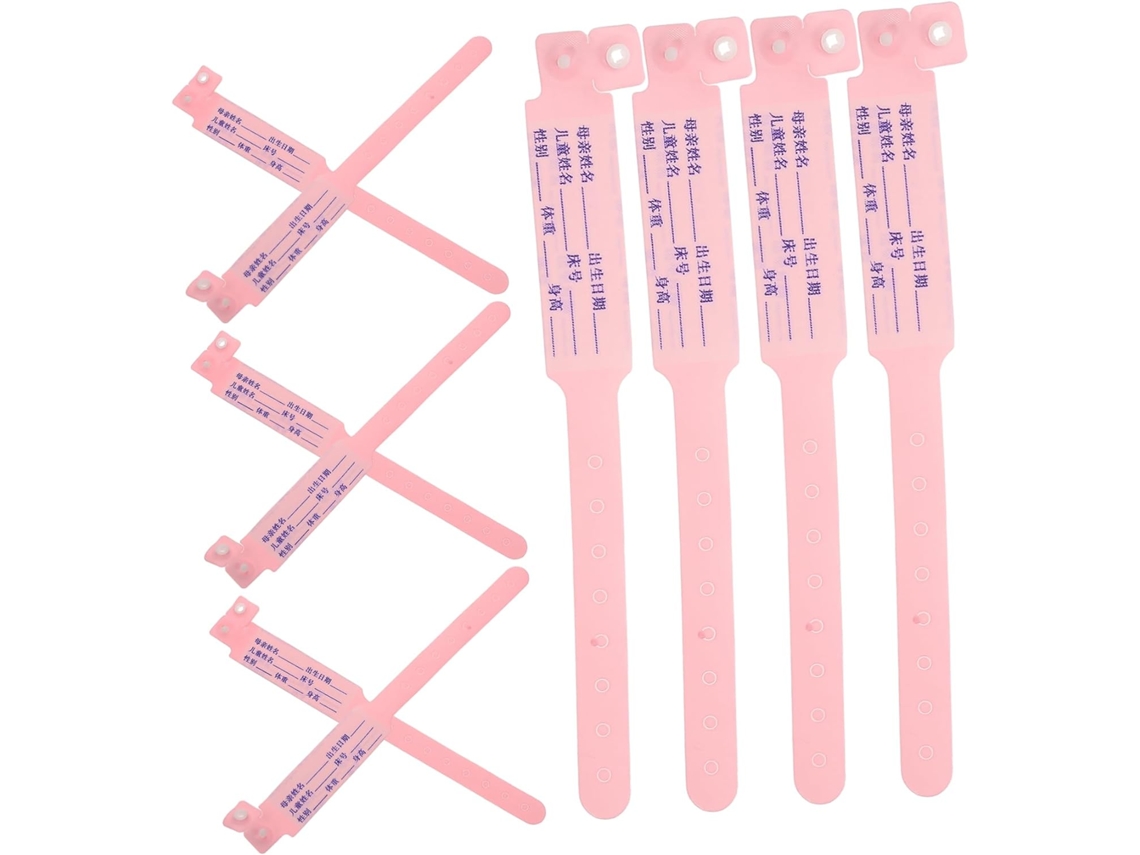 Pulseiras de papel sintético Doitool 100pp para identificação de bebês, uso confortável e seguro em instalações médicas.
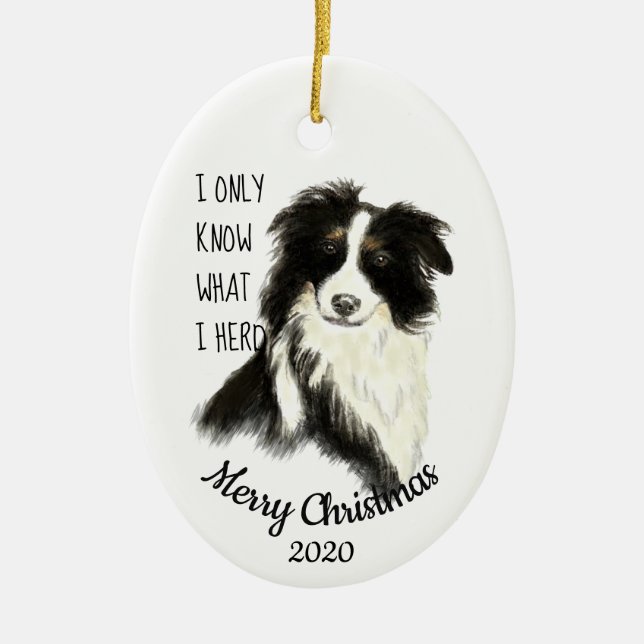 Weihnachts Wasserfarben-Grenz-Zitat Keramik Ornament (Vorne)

###

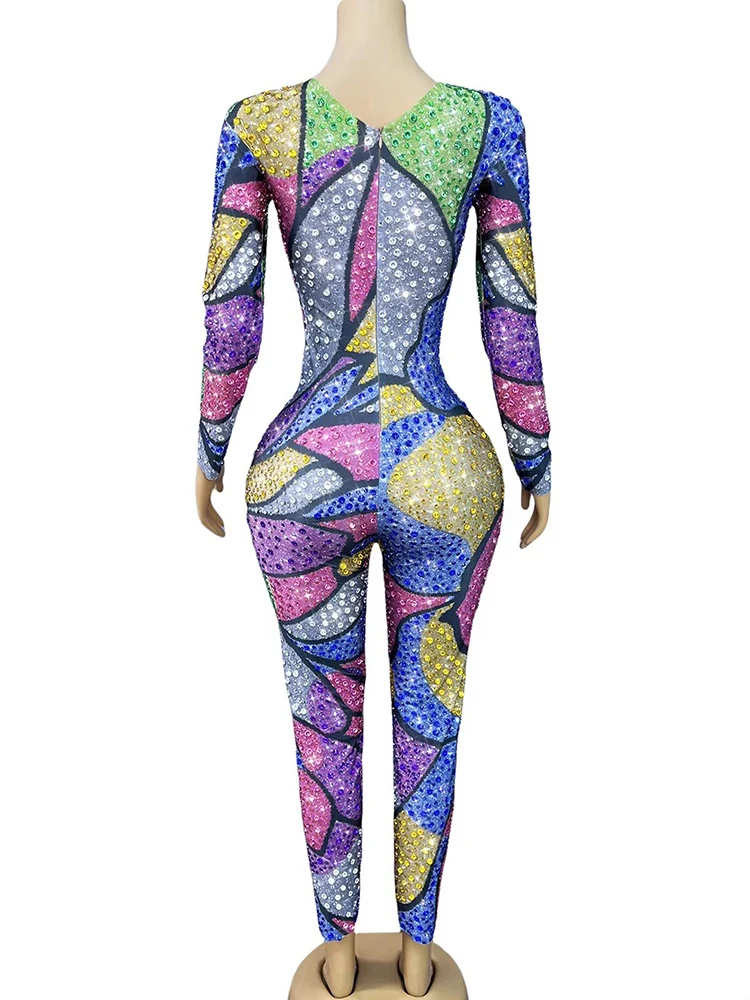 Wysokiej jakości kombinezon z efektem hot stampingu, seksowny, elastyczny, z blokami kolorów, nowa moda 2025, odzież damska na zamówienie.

###

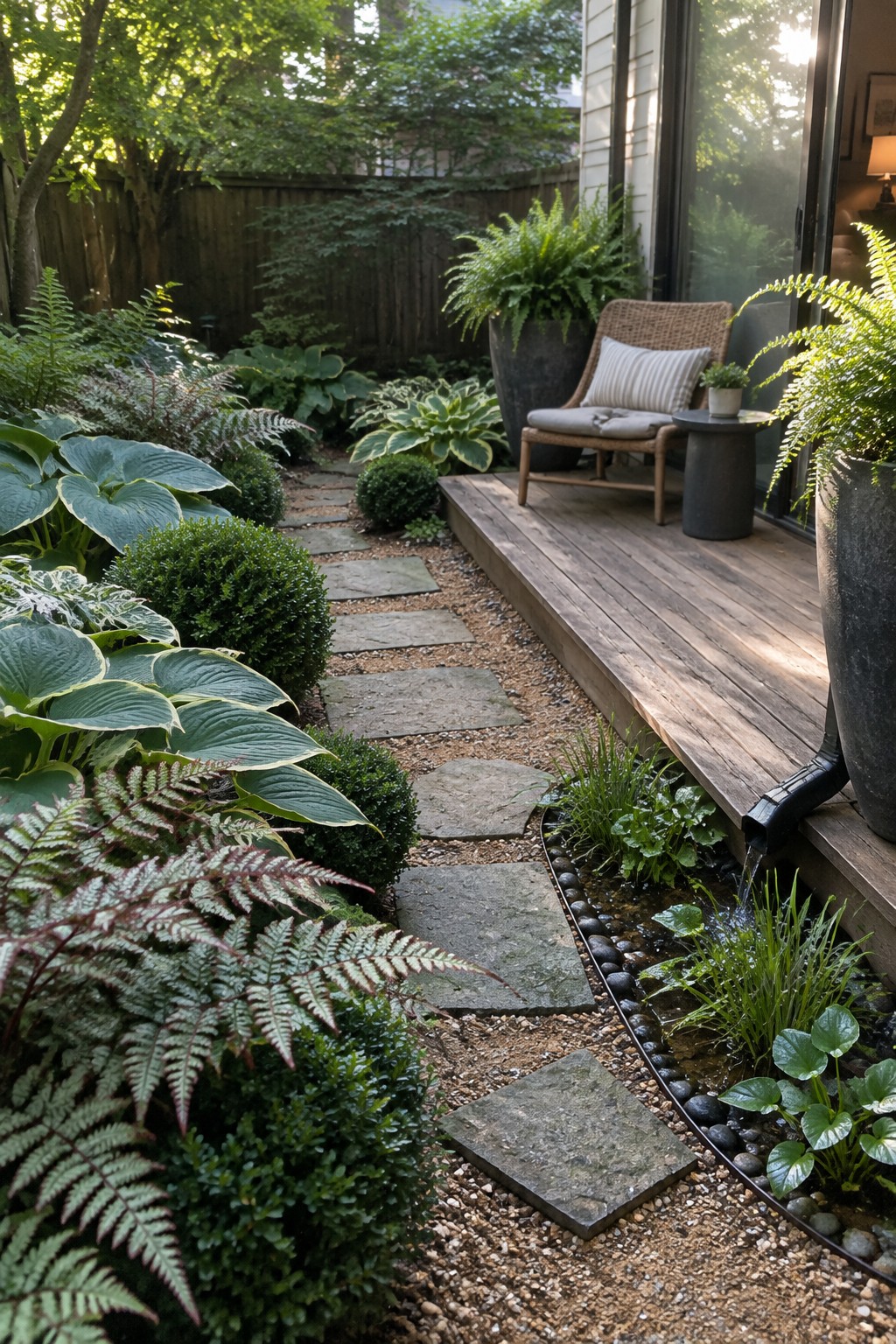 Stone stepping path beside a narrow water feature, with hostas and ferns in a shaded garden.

###

=== WHAT YOU WILL DO ===
Transcribe, exactly and without pictures, everything in the data from the line with "Pulseiras de papel" down to the line with "Weihnachts Wasserfarben-Grenz-Zitat Keramik", both included.

=== RESULT OF THIS EXERCISE ===
 Pulseiras de papel sintético Doitool 100pp para identificação de bebês, uso confortável e seguro em instalações médicas.
 Weihnachts Wasserfarben-Grenz-Zitat Keramik Ornament (Vorne)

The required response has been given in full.